The tectonic plates of politics have momentarily shifted to a halt in West Orange, where most observers expected Assemblyman/Mayor John McKeon to pull the plug on his tenure as mayor and focus on his legislative career.
McKeon’s made no public statements reversing his assertions late last year, when he said he was likely done as mayor, but two matters beyond his control have forced political soul-searching that others around him – and one man in particular – appreciate and respect.
“I’m pretty sure our mayor is prepared to move on,” said Councilman Robert Parisi, who is ready to run for mayor if McKeon does not pursue re-election.
“Ultimately, that’s his decision,” added Parisi, a 12-year veteran of the council who runs his own insurance business.
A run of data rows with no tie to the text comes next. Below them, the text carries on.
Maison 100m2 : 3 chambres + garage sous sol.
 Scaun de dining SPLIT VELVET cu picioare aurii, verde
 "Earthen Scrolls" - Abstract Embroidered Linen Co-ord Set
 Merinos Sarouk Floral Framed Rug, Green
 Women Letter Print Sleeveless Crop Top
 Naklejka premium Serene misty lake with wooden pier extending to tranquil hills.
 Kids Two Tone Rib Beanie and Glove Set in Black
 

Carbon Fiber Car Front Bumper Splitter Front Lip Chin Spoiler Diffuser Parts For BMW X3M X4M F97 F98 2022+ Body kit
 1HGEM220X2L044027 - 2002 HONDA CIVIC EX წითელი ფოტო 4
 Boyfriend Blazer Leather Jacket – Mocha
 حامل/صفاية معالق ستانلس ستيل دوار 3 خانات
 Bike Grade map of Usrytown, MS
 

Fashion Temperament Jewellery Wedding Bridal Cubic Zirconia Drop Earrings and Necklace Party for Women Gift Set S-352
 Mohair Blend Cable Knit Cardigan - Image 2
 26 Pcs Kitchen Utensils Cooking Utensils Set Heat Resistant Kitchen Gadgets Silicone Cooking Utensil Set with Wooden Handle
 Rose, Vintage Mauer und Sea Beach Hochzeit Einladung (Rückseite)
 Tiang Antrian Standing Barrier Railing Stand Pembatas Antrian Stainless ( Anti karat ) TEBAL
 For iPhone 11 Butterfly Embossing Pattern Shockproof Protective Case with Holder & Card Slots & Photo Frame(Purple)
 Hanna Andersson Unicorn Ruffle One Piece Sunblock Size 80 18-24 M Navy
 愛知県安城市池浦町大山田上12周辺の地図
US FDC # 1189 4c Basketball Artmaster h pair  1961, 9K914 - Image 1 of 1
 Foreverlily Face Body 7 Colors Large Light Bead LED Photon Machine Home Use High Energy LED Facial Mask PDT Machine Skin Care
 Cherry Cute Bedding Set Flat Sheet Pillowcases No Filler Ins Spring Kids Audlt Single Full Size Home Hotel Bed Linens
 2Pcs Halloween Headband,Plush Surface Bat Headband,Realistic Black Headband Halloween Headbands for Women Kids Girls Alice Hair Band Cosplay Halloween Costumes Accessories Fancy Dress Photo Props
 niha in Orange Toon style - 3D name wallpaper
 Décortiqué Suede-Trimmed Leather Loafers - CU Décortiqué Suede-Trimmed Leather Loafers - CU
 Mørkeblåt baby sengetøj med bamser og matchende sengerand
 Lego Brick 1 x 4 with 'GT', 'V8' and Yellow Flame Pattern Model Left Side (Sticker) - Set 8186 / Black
“If our mayor decides to seek re-election, I would support our mayor,” the councilman made clear. “I think he’s been a good public servant, and I don’t want to butt heads with someone I respect.”
McKeon’s decision could ultimately ride on the political fates of two statewide names.
For one, the dethroning of McKeon’s District 27 ally, Senate President Richard Codey (D-Roseland), sent a wave of turbulence through the ground-level layer of West Orange politics, creating anxieties and potentially disrupting timelines.
As Codey waged a losing battle against his successor Senate Majority Leader Steve Sweeney, McKeon still projected near certainty that he would not run for the local executive position he’s held since 1998.
“You never rule anything out completely, but without sounding self-serving, the issue is it’s time to turn the page (on the mayor’s job),” McKeon told PolitickerNJ.com last year, a little over a week in front of the governor’s race.
But if McKeon at that point could reconcile himself to a weakened Codey in the same-district senate chair with redistricting looming and the potential for Codey to not be in a district including West Orange, and McKeon’s own loosening grip on the local reins of government, he also could still hold hope that Gov. Jon Corzine would win re-election and create a possible opportunity in the command chair of the Department of Environmental Protection (DEP).
As chair of the Assembly Environmental Committee, McKeon’s become an authority on environmental issues and, in fact, in the midst of Corzine’s collapse, successfully spearheaded passage of the open space referendum question to notch a win on an otherwise troubled Democratic Party landscape.
But Corzine’s loss to Gov.-Elect Chris Christie shriveled up the DEP option for McKeon, who insisted that no one ever asked him if that would be a job he could have, despite a lot of party buzz that at the very least he would be a short list commish candidate.
Now, again, McKeon’s step-aside locally would create the opening for the 43-year-old Parisi, whose insistence on not colliding with his ally is borne out by the patience he projects in conversation.
He’s comfortable not moving while McKeon mulls.
Sources say another potential candidate, meanwhile, West Orange Democratic chairman John Scarbnik, does not intend to challenge either McKeon or Parisi, despite prodding from certain disaffected quarters.
Regardless of what transpires from the political calculations of the mayor, Parisi remains confident about the town.
“We’ve come a long way,” he said. (Given the nationwide economic downturn), “The prospects in the short term do not look very good, and the new (Christie) administration could make things even harder. But I’ve enjoyed public service. My wife and I are lifers here, and our kids are in school. With 12 years on the council, I’m ready to take the next step. Whatever happens, West Orange will pull together.”